Researchers from Purdue University have made a breakthrough which could lead to faster computing devices. They solved a decades-old challenge meaning they could create a functional silicon transistor with integrated ferroelectric RAM. The significant upshot is that, using this technology, transistors could be used for both information processing and storage in one device.
The Purdue University news blog asserts that "researchers have been trying for decades to integrate the two, but issues happen at the interface between a ferroelectric material and silicon." A team led by Peide Ye, a Professor of Electrical and Computer Engineering at Purdue, made the breakthrough by using a new material which had qualities of both these disparate substances. "We used a semiconductor that has ferroelectric properties," Ye said. "This way two materials become one material, and you don't have to worry about the interface issues."

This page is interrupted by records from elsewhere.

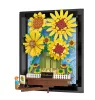 Van Gogh Napraforgók – 3D Építőjáték Festmény (Képkerettel) | Művészeti Modell Dekoráció - 1277darabos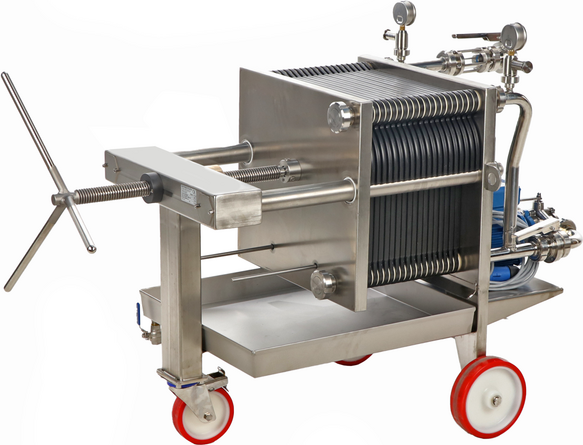 Enotecnica Pillan FC42 - Filtre à vin professionnel de 20 cartons 40x40 cm - Châssis et pompe INOX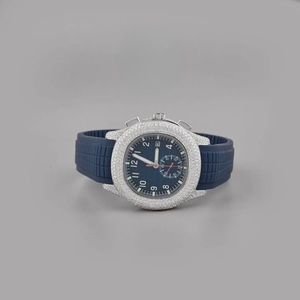 นาฬิกาผู้ชายสไตล์ฮิปฮอปประดับเพชรโมอิสซาไนต์หรูหรา สายยางสีน้ำเงิน ขอบหน้าปัดแบบสั่งทำพิเศษ - Product Image 1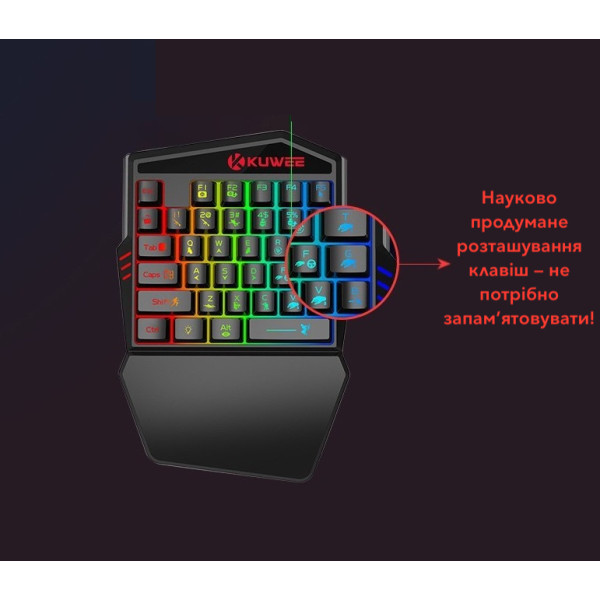 Комплект игровой X1 M1 для смартфонов и ПК Bluetooth клавиатура и мышь Black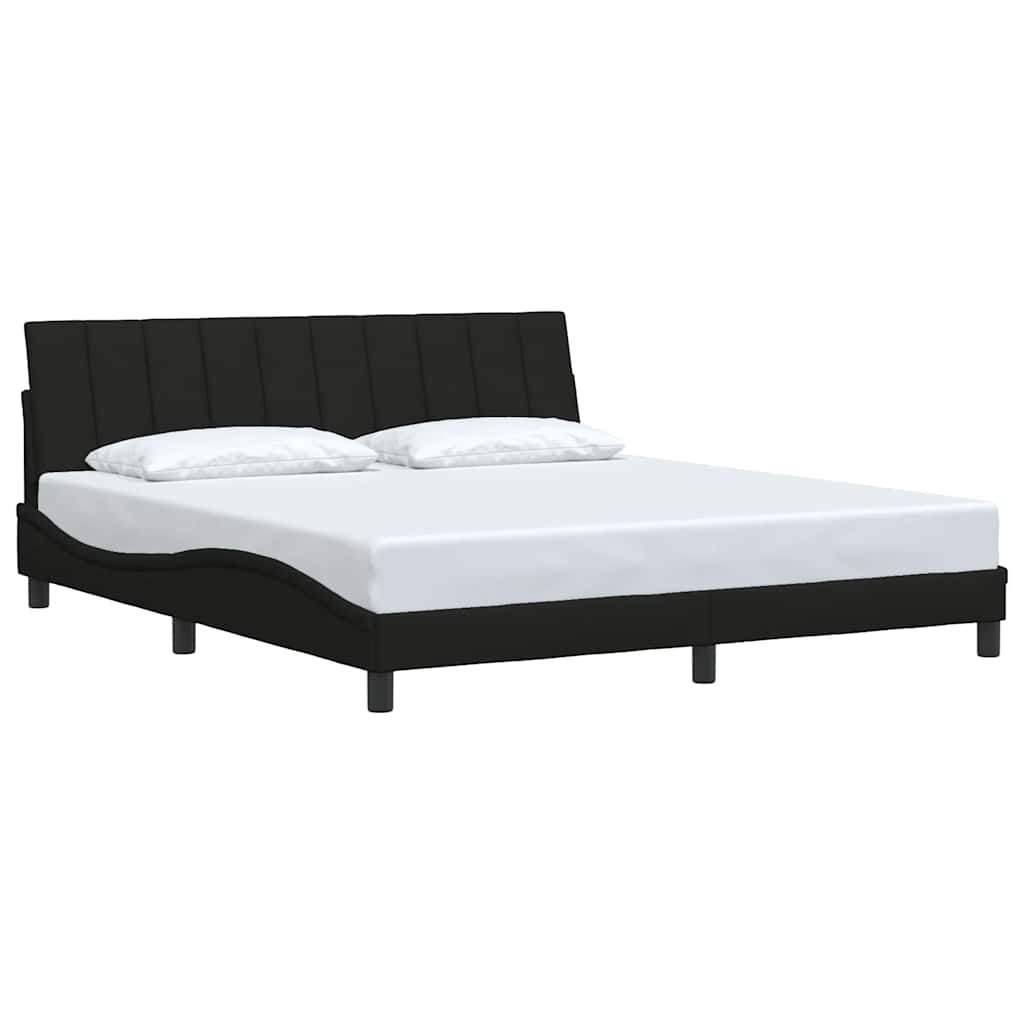Cadre de lit sans matelas Hanko noir 180x200 cm tissu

The result of the research is dubbed the ferroelectric semiconductor field-effect transistor, which can be built in the same way as currently mass produced computer chips. The main difference is that the channel material used is alpha indium selenide, which not only has ferroelectric properties, but addresses the issue of a conventional ferroelectric material usually acting as an insulator rather than a semiconductor. With its small band-gap properties the new transistors (down to 10nm at present) the chip design can be relatively dense and energy efficient from the outset.
A Purdue postdoctoral researcher in electrical and computer engineering, Mengwei Si, built and tested the transistor ahead of the research paper being published by Nature. Si found that the ferroelectric semiconductor field-effect transistor offered performance comparable to existing ferroelectric field-effect transistors, and could exceed them with some optimisation.
The Purdue University team presented its work yesterday at the 2019 IEEE International Electron Devices Meeting in San Francisco.